La questione dell’investimento fu ciò che la occupò maggiormente. Per un giorno o due passeggiò qua e là in uno stato apparentemente sognante, ma in realtà era assorta in speculazioni e calcoli. Non voleva agire in modo frettoloso, fare qualcosa di cui poi avrebbe potuto pentirsi. Ma fu durante le quiete ore notturne, quando giaceva sveglia meditando tra sé i possibili progetti, che le sembrò di vedere chiaramente la via per un uso appropriato e giudizioso del denaro.

Incipit di Un paio di calze di seta
Kate Chopin

Kate O’Flaherty Chopin visse tra Saint Louis e New Orleans, vicino alle piantagioni dal 1850 al 1904. I testi che ha lasciato raccontano la vita dura delle donne della regione.
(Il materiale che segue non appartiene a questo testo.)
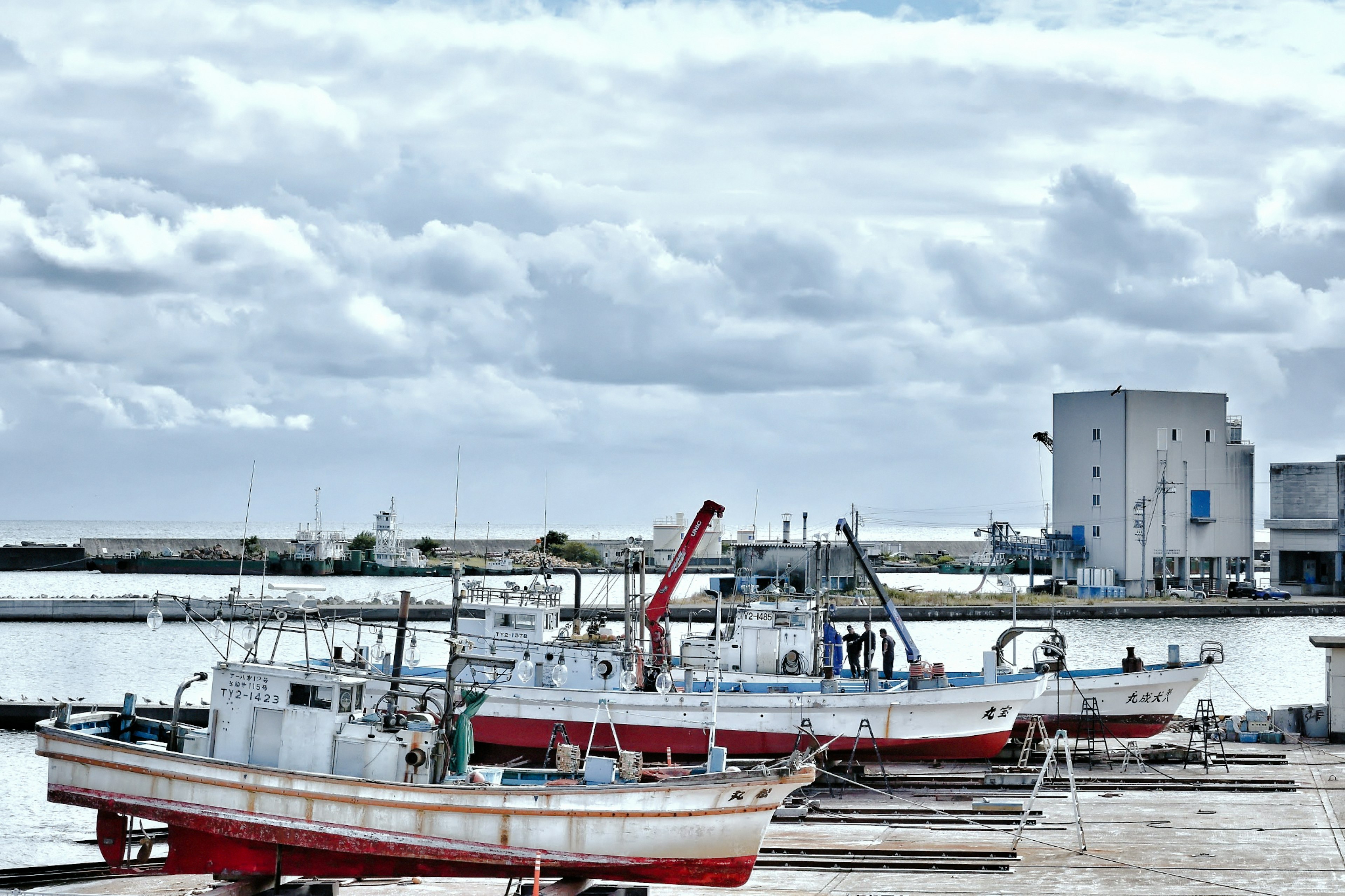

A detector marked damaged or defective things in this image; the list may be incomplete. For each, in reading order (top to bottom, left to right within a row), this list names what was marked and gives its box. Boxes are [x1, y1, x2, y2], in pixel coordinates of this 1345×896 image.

rusty boat hull [37, 714, 813, 891]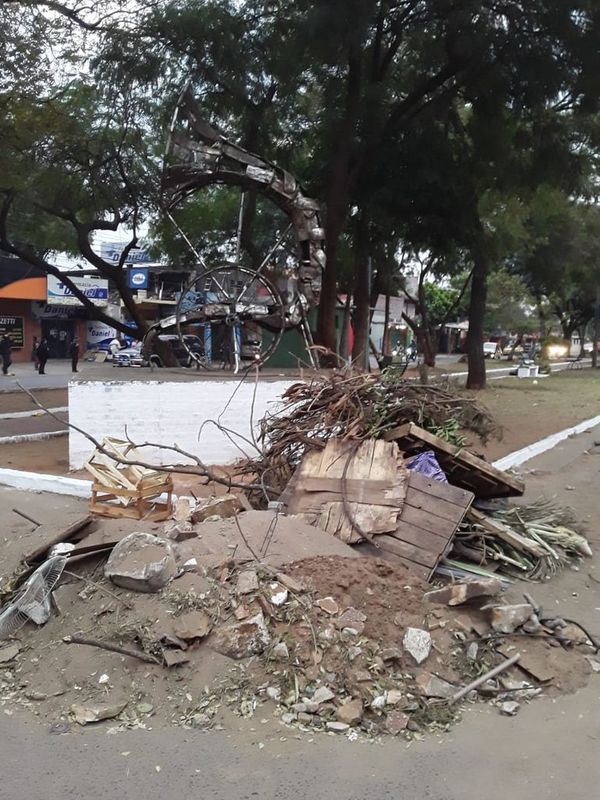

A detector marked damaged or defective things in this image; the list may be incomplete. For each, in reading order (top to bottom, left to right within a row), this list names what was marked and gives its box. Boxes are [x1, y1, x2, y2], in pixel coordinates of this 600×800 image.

broken wooden pallet [384, 422, 524, 496]
broken concrete chunk [190, 494, 241, 524]
broken concrete chunk [104, 532, 176, 592]
broken concrete chunk [0, 644, 20, 664]
broken concrete chunk [172, 608, 212, 640]
broken concrete chunk [209, 612, 270, 656]
broken concrete chunk [236, 568, 258, 592]
broken concrete chunk [314, 596, 338, 616]
broken concrete chunk [336, 608, 368, 636]
broken concrete chunk [404, 628, 432, 664]
broken concrete chunk [424, 576, 504, 608]
broken concrete chunk [488, 604, 536, 636]
broken concrete chunk [312, 684, 336, 704]
broken concrete chunk [418, 672, 454, 696]
broken concrete chunk [72, 700, 127, 724]
broken concrete chunk [336, 696, 364, 728]
broken concrete chunk [386, 712, 410, 736]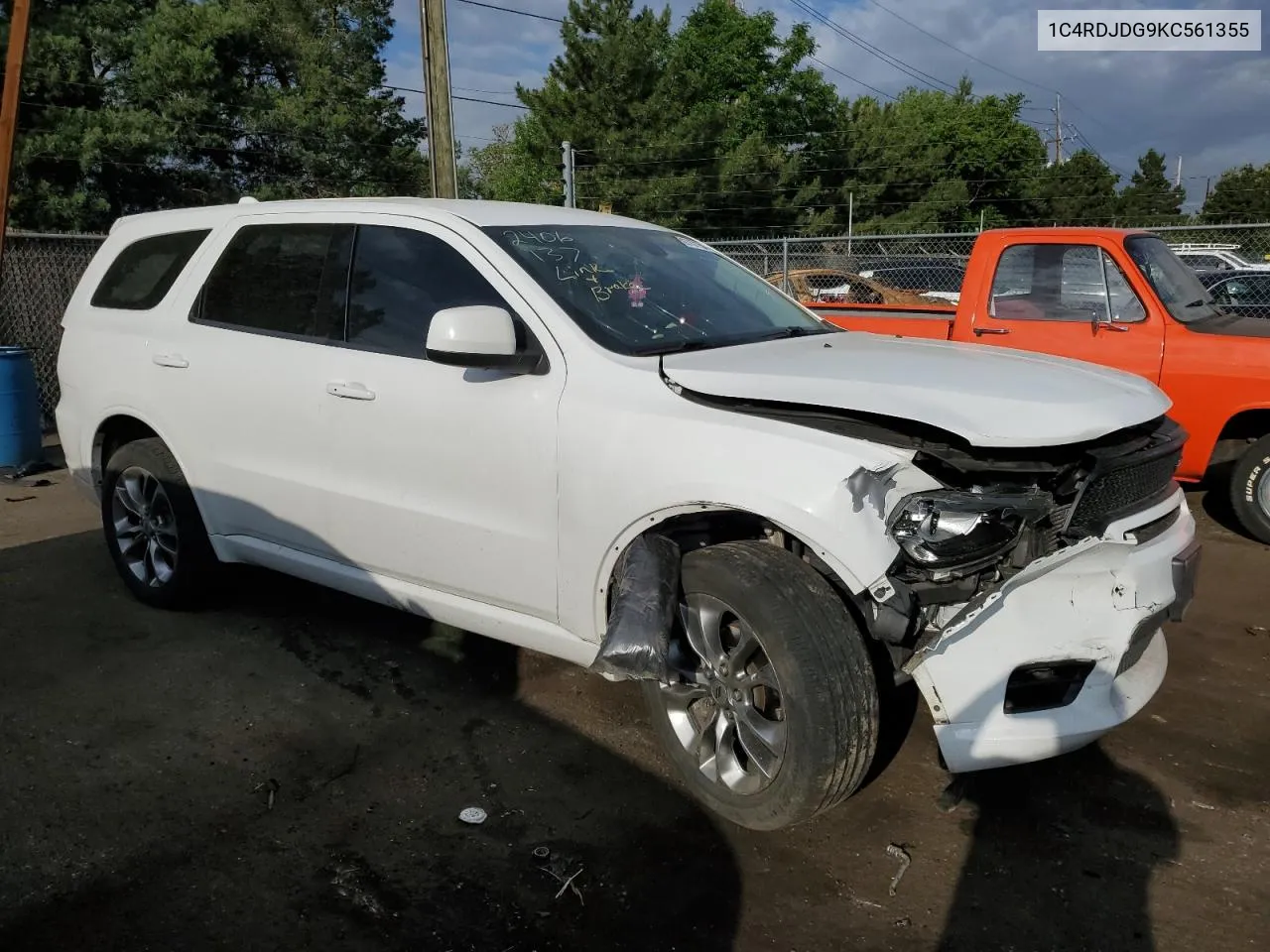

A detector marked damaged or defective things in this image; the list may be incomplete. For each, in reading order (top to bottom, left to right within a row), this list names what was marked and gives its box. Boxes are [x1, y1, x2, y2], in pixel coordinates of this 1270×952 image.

Sono racconti pieni dettagli precisi che restituiscono una vita dalle molteplici sfaccettature.
Il suo libro più conosciuto, Il Risveglio, narra un adulterio al femminile e all’epoca creò parecchio scandalo, soprattutto per l’incapacità della scrittrice di accettare la tradizione e l’autorità maschili senza discutere. Ne esce un potente ritratto della femminilità in cammino verso l’emancipazione complicata dalla libertà raggiunta. Perché, per chi non l’ha mai posseduta, la gestione della libertà dev’essere imparata attraverso l’esperienza.